_The task:_ Transcribe every entry word for word, but skip the images.
[Data for processing Boundary: Start]
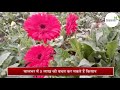 कैसे करें जरबेरा की खेती gerbera ki kheti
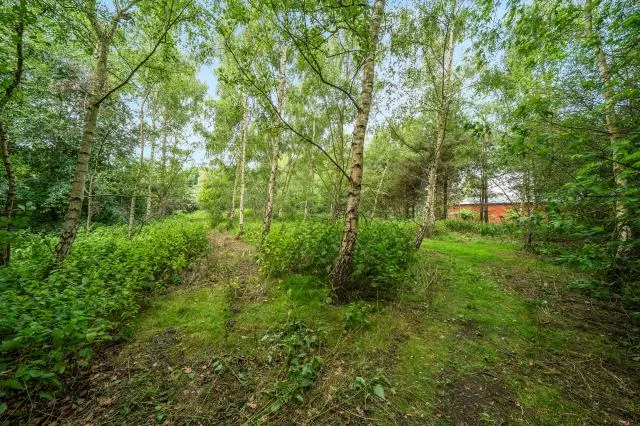 Main Road, Witney, OX29, photo 28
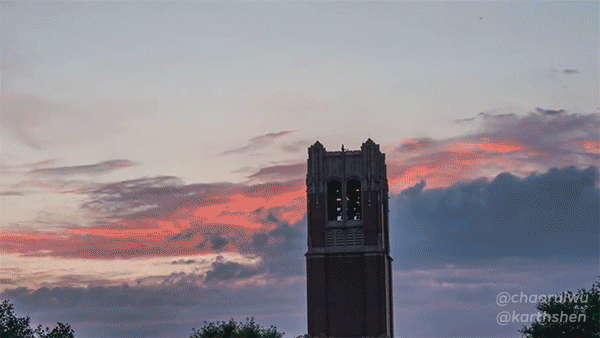 uf gators university of florida go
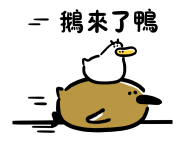 856498694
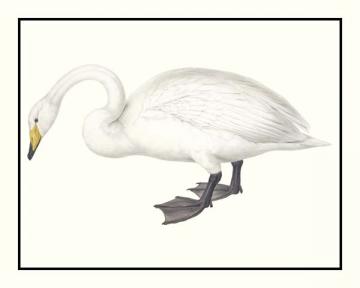 Whistling Swan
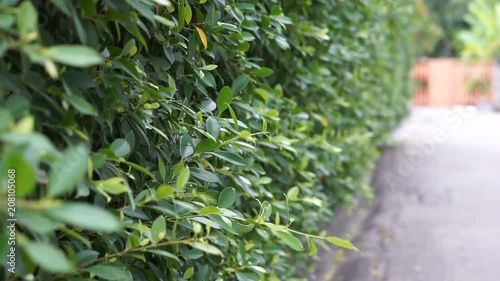motion footage tree  in a garden and deep of field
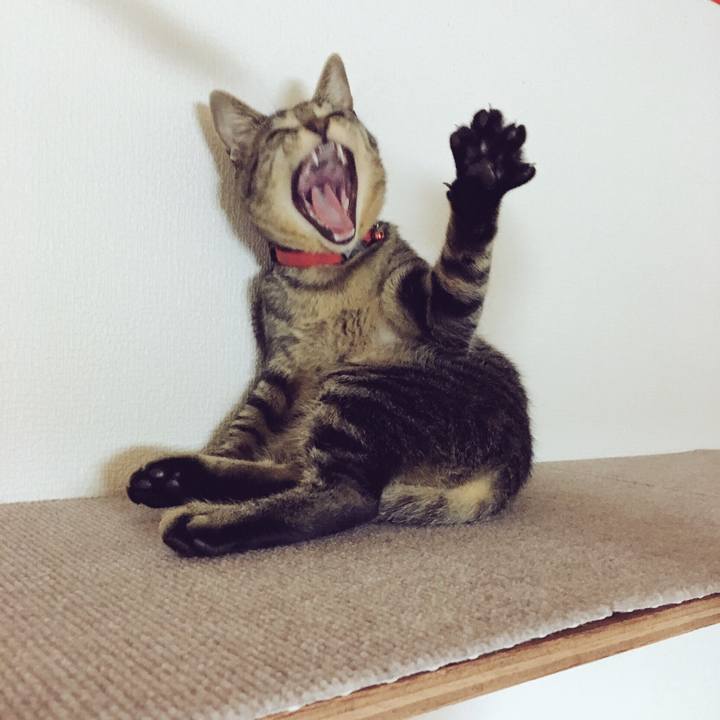 B6d945eb 1557 4a19 9eb3 a49134a75a1f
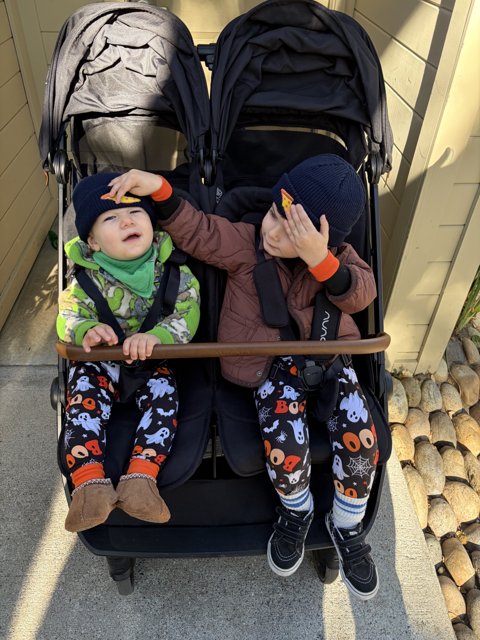 Double Trouble in Carmel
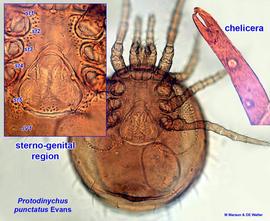  Protodinychus punctatus  female (MM, DEW)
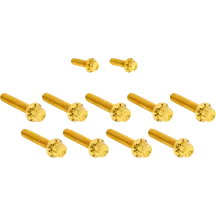 Cam Cover/Point Cover Titanium 12-Point Bolt Kit — Gold, Titanium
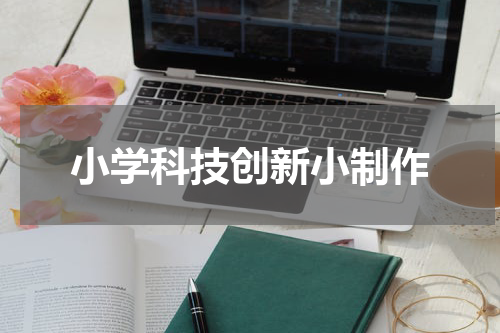 小学科技创新小制作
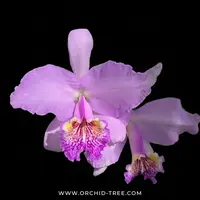 Cattleya lueddemanniana sp. Orchid Plant - SS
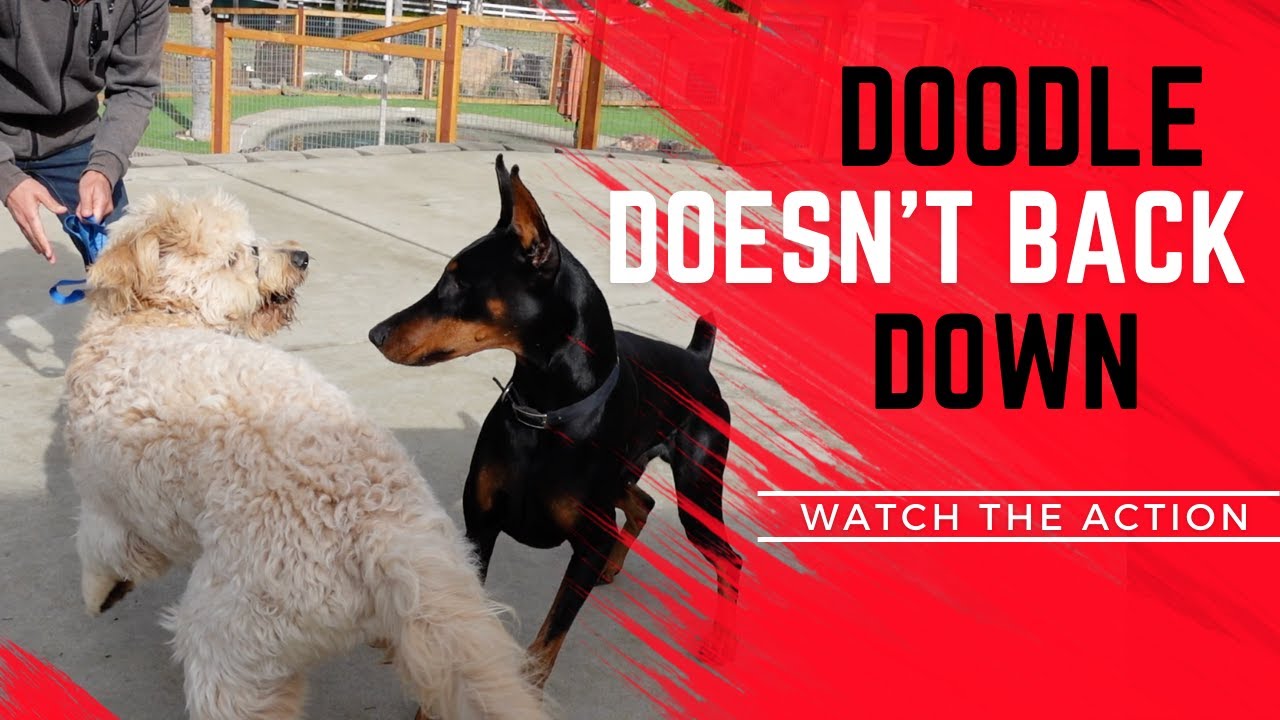 Goldendoodle isn't letting Prince boss him around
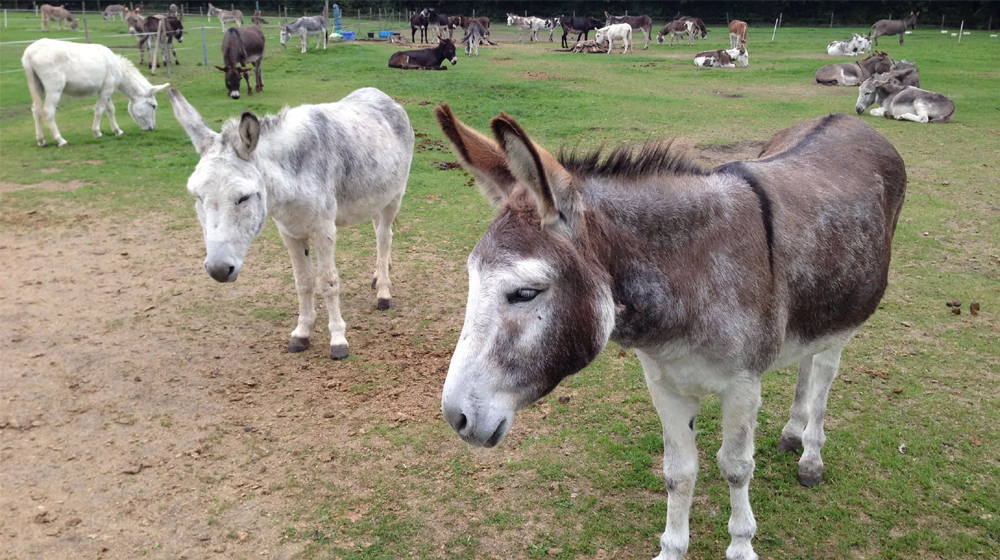 KP to Set Up Donkey Farms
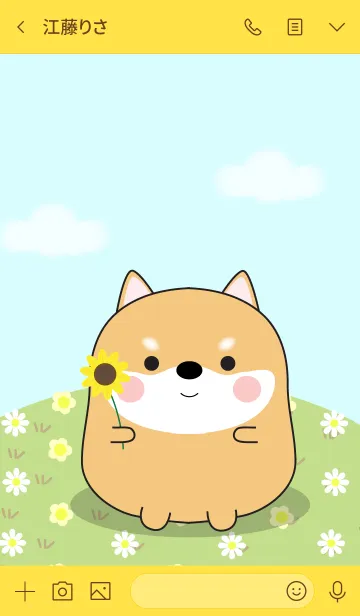 [LINE着せ替え] I'm Pretty Shiba Inu Theme (jp)の画像3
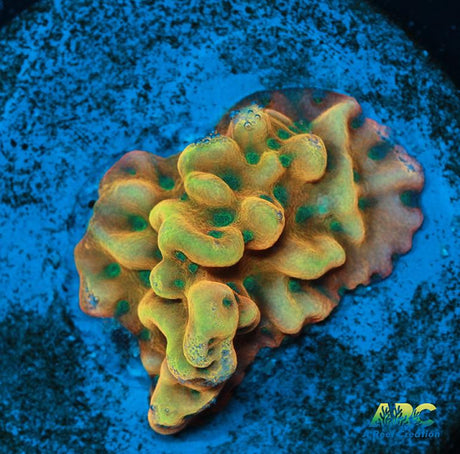 WWC Kung Pow Montipora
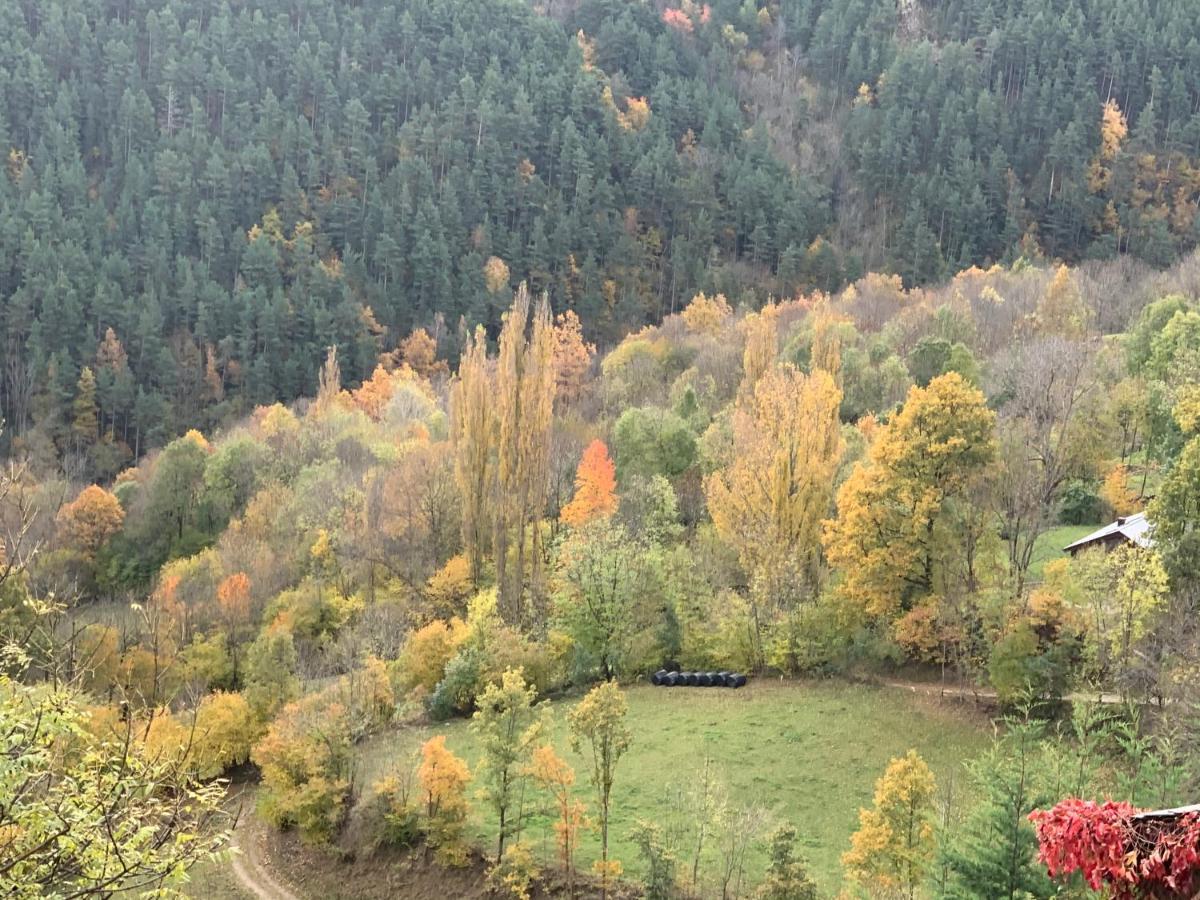 Casa Rural Pirineu Neva Exteriér fotografie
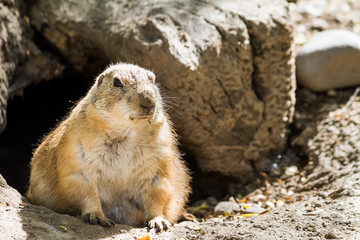 watching groundhog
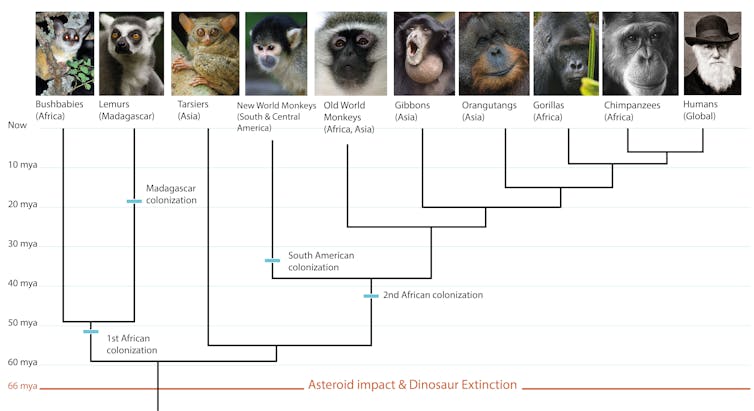 Evolutionary tree showing primates and their geographic distributions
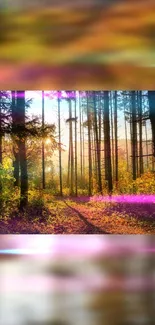 Sunlit forest path with vibrant autumn colors and tall trees.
[Data for processing Boundary: End]
_Exercise response:_
 कैसे करें जरबेरा की खेती gerbera ki kheti
 Main Road, Witney, OX29, photo 28
 uf gators university of florida go
 856498694
 Whistling Swan
motion footage tree  in a garden and deep of field
 B6d945eb 1557 4a19 9eb3 a49134a75a1f
 Double Trouble in Carmel
  Protodinychus punctatus  female (MM, DEW)
 Cam Cover/Point Cover Titanium 12-Point Bolt Kit — Gold, Titanium
 小学科技创新小制作
 Cattleya lueddemanniana sp. Orchid Plant - SS
 Goldendoodle isn't letting Prince boss him around
 KP to Set Up Donkey Farms
 [LINE着せ替え] I'm Pretty Shiba Inu Theme (jp)の画像3
 WWC Kung Pow Montipora
 Casa Rural Pirineu Neva Exteriér fotografie
 watching groundhog
 Evolutionary tree showing primates and their geographic distributions
 Sunlit forest path with vibrant autumn colors and tall trees.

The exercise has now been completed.